If scaling the coefficients down to [-1, +1] gives a uniform distribution, then the original distribution must have been uniform in [-x, +x] where x is the largest coefficient in the original polynomial. That, too, is a contradiction! It means that either -x or +x are guaranteed to be one of the random coefficients, which is very much not a uniform distribution.

(That said, I think the (-1, +1) version of the problem still has interest!)

Typically you would do a uniform (-x, x) and then take the limit.

This isn’t necessarily the same as the (-1, 1) version though

Its the same because the uniform distribution over (-x,x) can be obtained by taking a random variable uniformly distributed over (-1,1) and multiplying it by x.

This doesn't change anything for the question about roots because the roots of a polynomial don't change when you multiply it by x.

> Typically you would do a uniform (-x, x) and then take the limit.

But this is completely uninformative for the interval (-inf, +inf). Taking limits is a tool you can use, and it works well when the infinite behavior matches the limit of the finite behavior. The opposite is the case here and the infinite behavior is radically unlike the finite behavior. You might as well try to determine the value of an impulse function at zero by seeing what the limit is as you approach zero.

There is no such thing as a uniform distribution over (-inf, +inf) for the simple reason that the Lebesgue measure of (-inf, +inf) is +inf and you can’t make the integral of the whole set be equal to 1. For it to be a valid probabilistic distribution, the integral of 1 over the whole space relative to the distribution should be 1. But it won’t be. In U(a,b) a and b need to be bounded, so that you can divide the Lebesgue measure by (b - a).

You can't do it directly, that's what the scaling is for. Another trick would be to answer the question for (a,b) and then see what the answer is when b-a -> inf.

For some questions neither of those tricks will work. For this question scaling trick seems to work perfectly.

You're using a shorthand that captures an important point but does not quite dispose of the objection. Let R(X) be an indicator function that's 1 when largest root is real and 0 otherwise; then we want E[R(X)]. I think your point is that E[R(aX)]=E[R(X)], so the choice of Uniform(-1,1) rather than Uniform(-LargeNumber, LargeNumber) is a 'without loss of generality' simplification. Likewise we could take any scale mixture E[R(AX)] for A real, almost surely nonzero, and independent of X. That's a broad class of distributions, but it doesn't cover every 'natural' way of generating coefficient vectors; for example, you could sample X from a hypersphere instead of a hypercube.

> but it doesn't cover every 'natural' way of generating coefficient vectors;

But it covers one of the 'natural' ways. It seems like reasonable question to ponder.
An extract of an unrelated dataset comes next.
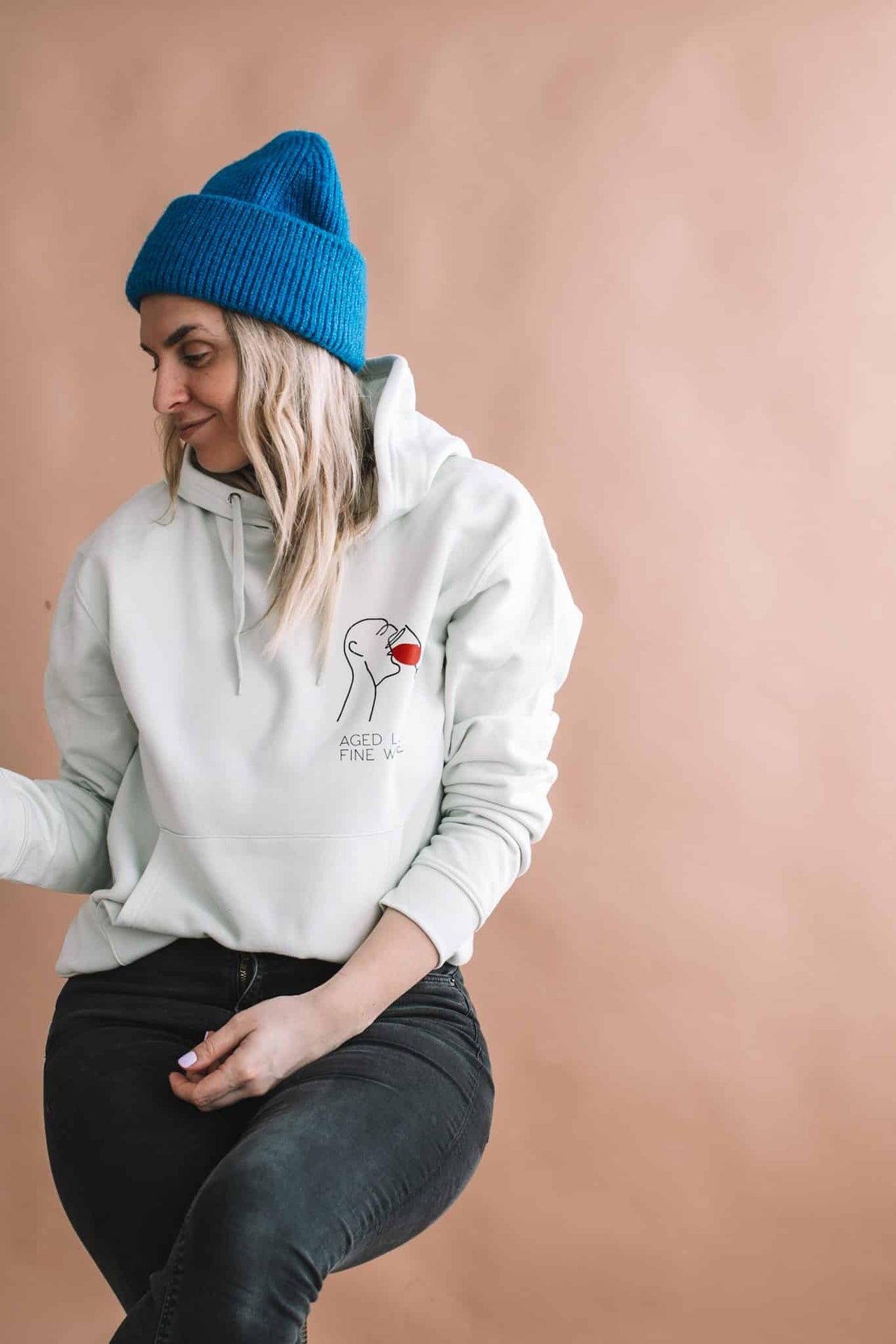 Aged Like Fine Wine Hoodie – Unisex & Eco-Friendly by Black Giraffe Brand at www.brixbailey.com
Oh yeah, definitely reasonable. I'm a statistician by trade, so if I see R^n, I want to put a multivariate normal measure on it, which means hyperspheres. Hypercubes are cool too. Just as long as we don't treat the limit from growing the hypercube to cover R^n as being equivalent to a uniform measure on R^n. Unlike, say, in probabilistic number theory, where they shamelessly get away with defining the equivalent of a uniform probability measure on infinitely many integers, much to the consternation of every other kind of mathematician.